#### Exercise instructions:
Reproduce the lines below exactly. Begin with the first, end with the line containing "Easy to release. These", and leave out the pictures.

Collected data entries
BEGIN
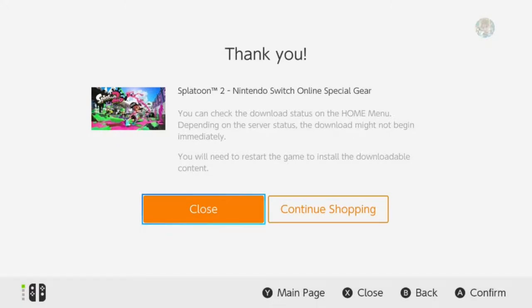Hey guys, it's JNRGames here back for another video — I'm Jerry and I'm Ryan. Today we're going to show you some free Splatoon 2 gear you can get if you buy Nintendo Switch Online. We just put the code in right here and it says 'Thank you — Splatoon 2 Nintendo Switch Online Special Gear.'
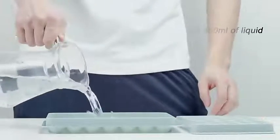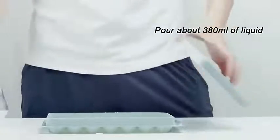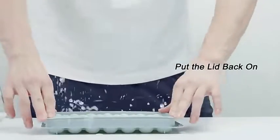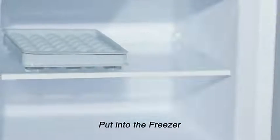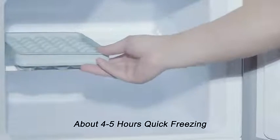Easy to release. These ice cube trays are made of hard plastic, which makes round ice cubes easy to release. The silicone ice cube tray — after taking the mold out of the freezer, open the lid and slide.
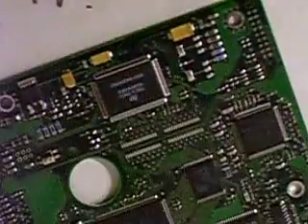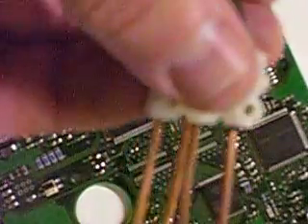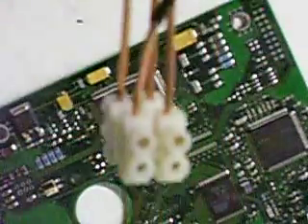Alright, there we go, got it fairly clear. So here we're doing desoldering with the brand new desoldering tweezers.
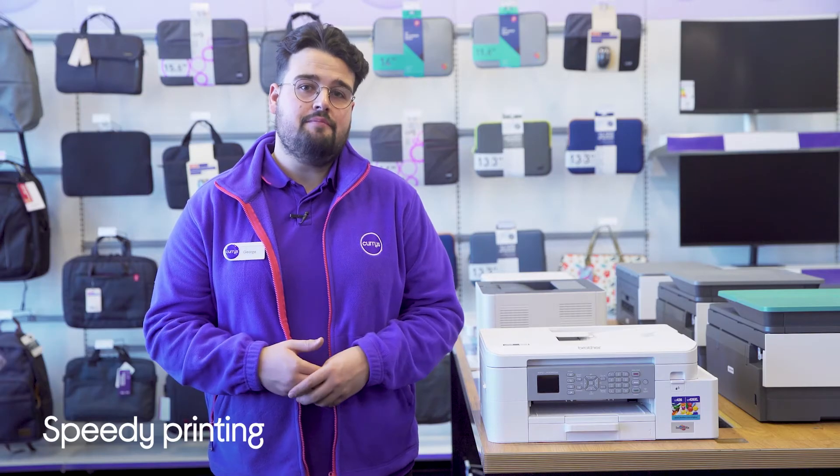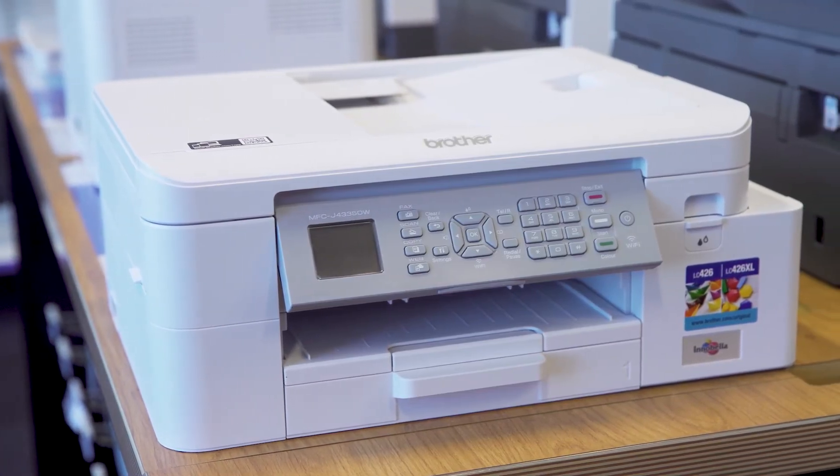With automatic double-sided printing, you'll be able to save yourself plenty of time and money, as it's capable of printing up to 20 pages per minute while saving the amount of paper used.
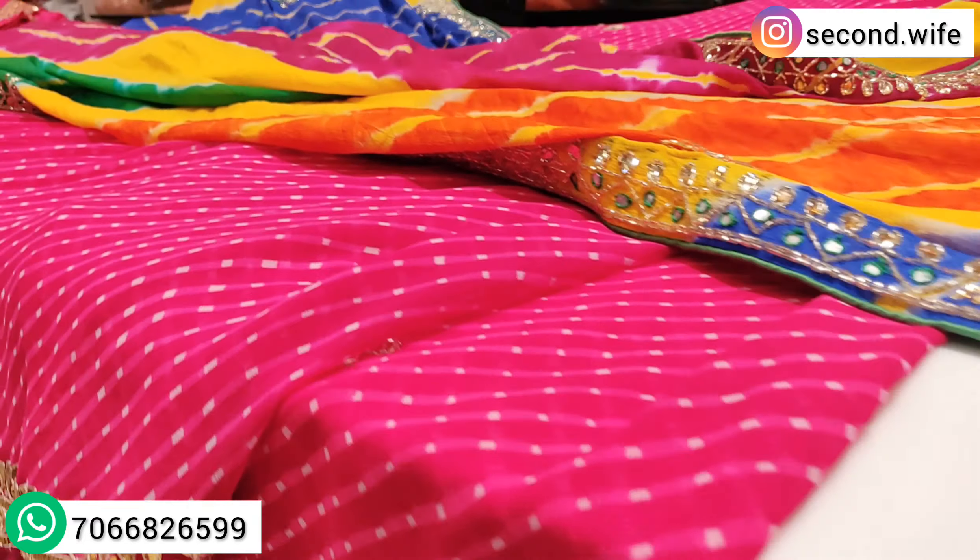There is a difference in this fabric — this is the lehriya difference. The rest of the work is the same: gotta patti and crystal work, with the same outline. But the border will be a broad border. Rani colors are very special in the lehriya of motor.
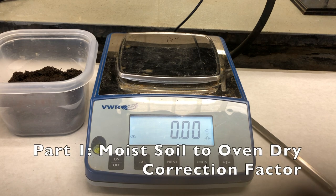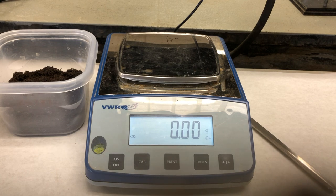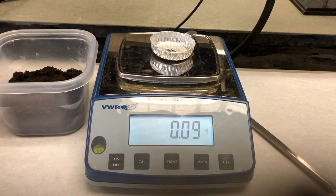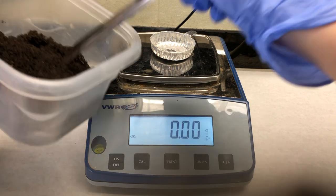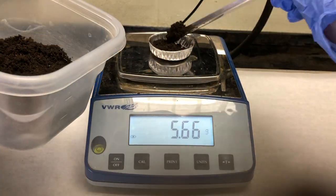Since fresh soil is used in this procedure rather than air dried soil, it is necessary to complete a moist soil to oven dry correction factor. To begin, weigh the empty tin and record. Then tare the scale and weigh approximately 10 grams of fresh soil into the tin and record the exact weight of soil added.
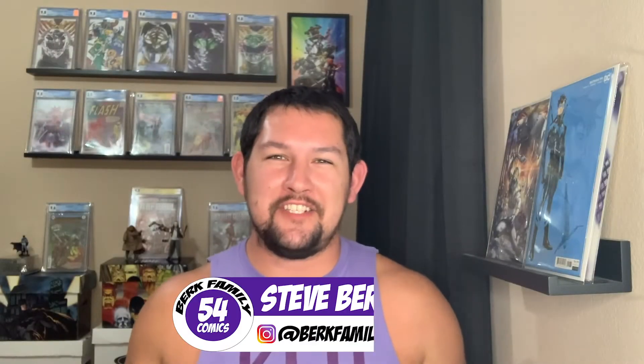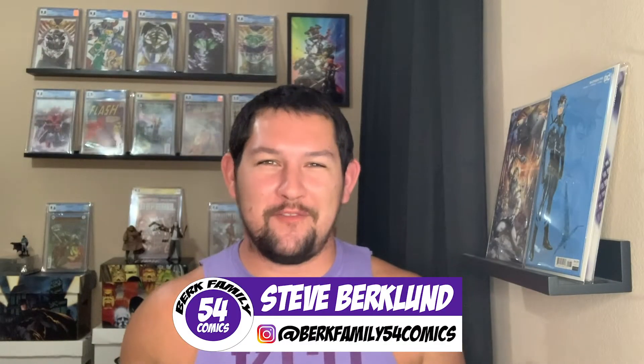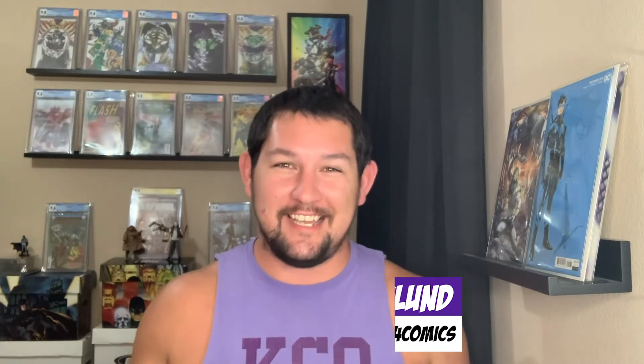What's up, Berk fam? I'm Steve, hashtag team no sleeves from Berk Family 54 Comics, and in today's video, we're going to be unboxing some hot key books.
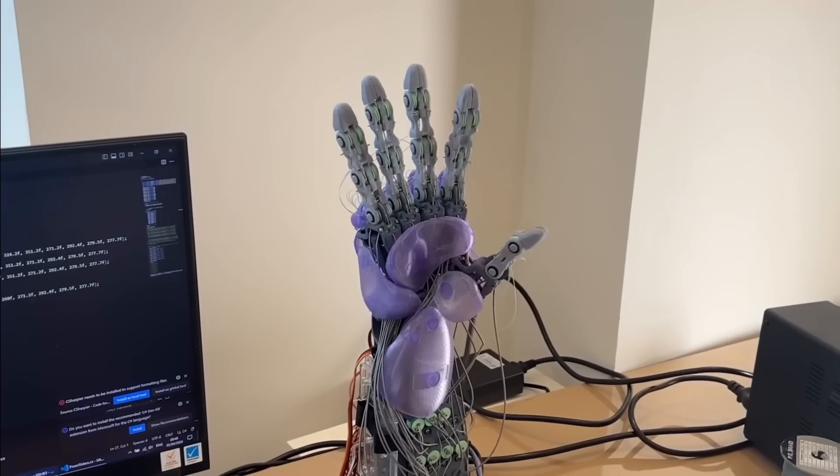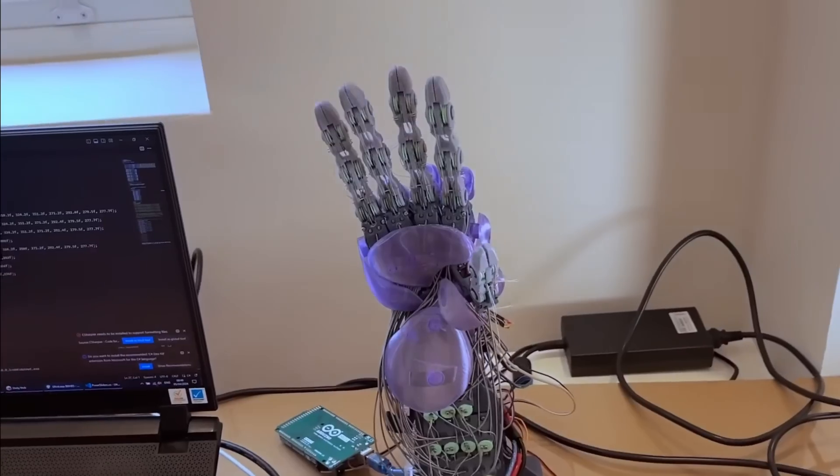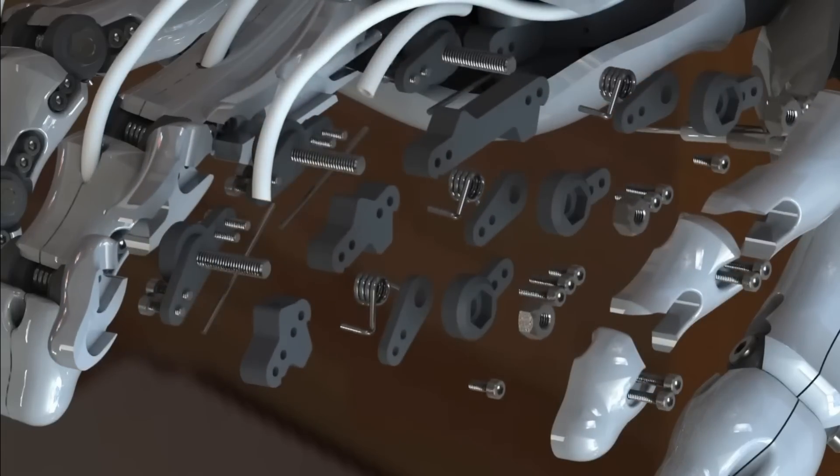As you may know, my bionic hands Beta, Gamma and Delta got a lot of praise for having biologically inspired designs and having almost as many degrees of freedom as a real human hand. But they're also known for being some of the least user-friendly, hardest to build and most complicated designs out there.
END
#### Task solution:
Hey guys, it's JNRGames here back for another video — I'm Jerry and I'm Ryan. Today we're going to show you some free Splatoon 2 gear you can get if you buy Nintendo Switch Online. We just put the code in right here and it says 'Thank you — Splatoon 2 Nintendo Switch Online Special Gear.'
Easy to release. These ice cube trays are made of hard plastic, which makes round ice cubes easy to release. The silicone ice cube tray — after taking the mold out of the freezer, open the lid and slide.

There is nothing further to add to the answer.